Writing in the Dallas Morning News, Rebecca Murphy recommended this 2009 Valpolicella-style wine which she described as a “voluptuous wine with rich, black cherry and raspberry” favours, layered with “anise, tobacco and dried cherries.”

She said: “It is full and warm in the mouth, with the ripe fruit nicely balanced with zesty acidity and polished tannins. Serve it with wild mushroom risotto or a steamy lamb stew.

“Valpolicella comes from the Veneto region of northeastern Italy, home to the town of Verona, which was the setting for Shakespeare’s Romeo and Juliet.

“The wine is usually made from a combination of indigenous grape varieties, in this case Corvina, Rondinella and Oseleta. Ripassa is the Zenato family’s version of a style of Valpolicella that goes through a second fermentation with the skins and seeds of a recently fermented amarone, made from dried grapes. It gives this wine its richness and dried fruit aromas and flavors, perfect for stealing your valentine’s heart.”

Price: $25.99 to $32.99

2011 Kendall-Jackson Vintner’s Reserve Merlot

Michael Dresser chose this “smooth, suave and sophisticated” Californian Merlot writing in the Baltimore Sun this week, which he said would go perfectly with a rack of lamb of duck. .

He said: “This is a smooth, suave, sophisticated merlot from a highly commercial winery that I can’t help admiring.

“This is an ideal restaurant red — full-bodied enough to match with serious food, but perfectly ready yo be drunk now. It offers intense black cherry fruit, with subtle herbal notes, and admirable persistence and finish.

“It just goes down real easy.”

Price: $24

2012 Tablao from Bodegas Pagos de Aráiz

Colette Bancroft, writing in the Tampa Bay Times, recommended this Spanish red from the Navarra region.

Taking its name from the Spanish for a cafe featuring Flamenco dancing, she said it was a “lively blend” of Tempranillo, Garnacha, Merlot and Cabernet Sauvignon which resulted in a “pleasing structure and velvety mouthfeel.”
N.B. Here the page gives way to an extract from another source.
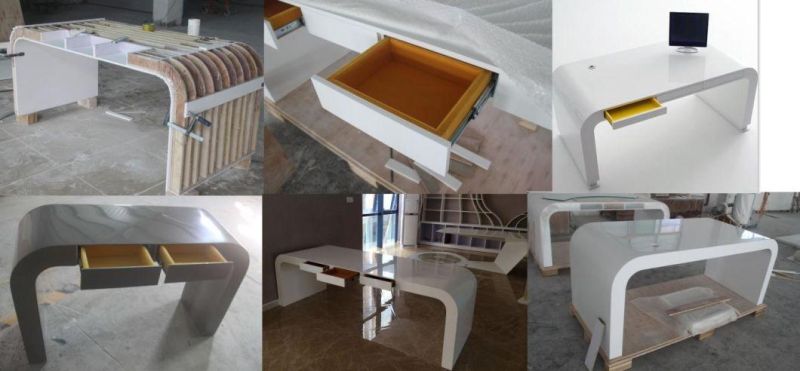Modern Design Office Desk, Commercial CEO Office Table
She said: “The top note on the nose of this deep purple wine is fig, tempered by stone fruits, most notably cherry. On the tongue the dominant flavour is fig jam, denoting not sweetness but intensity of flavour. Cherry is there, too, together with clove and cinnamon accents, maybe even a whisper of liquorice. The finish is long and satisfying, with a bit of black pepper kicking in at the finale.

“The first food that comes to mind for pairing with this lusty red is lamb, whether as good and garlicky lamb chops or in a spicy merguez sausage. It also will harmonise with roast duck and with charcuterie or perhaps a Greek gyro sandwich.”

 Yellow Tail Moscato NV, Australia

In a list dominated by reds this week, it is refreshing to see Dennis Sodomka, of the Augusta Chronicle, recommend this Australian Moscato.

He said: “The Moscato, one of the more recent additions to the Yellow Tail lineup, is especially appealing. Besides the crisp, fresh taste, it has a slight fizz, which is typical of Moscato.

This is a good option if you are not sure you like wine, or if you like lighter, sweeter wines. The Yellow Tail has a lightly fruity aroma, with tastes of peaches, raisins and tropical fruit. The bubbles don’t last long, but they do give the wine a nice fizz.

“Even if you don’t like sweet wines, you will love this wine. It has a clean, crisp finish without the heavy tastes of some sweet wines. And at 7.5 percent alcohol you don’t have to worry about how much you drink.”

He recommended pairing it with a spicy Asian or Latin American dish.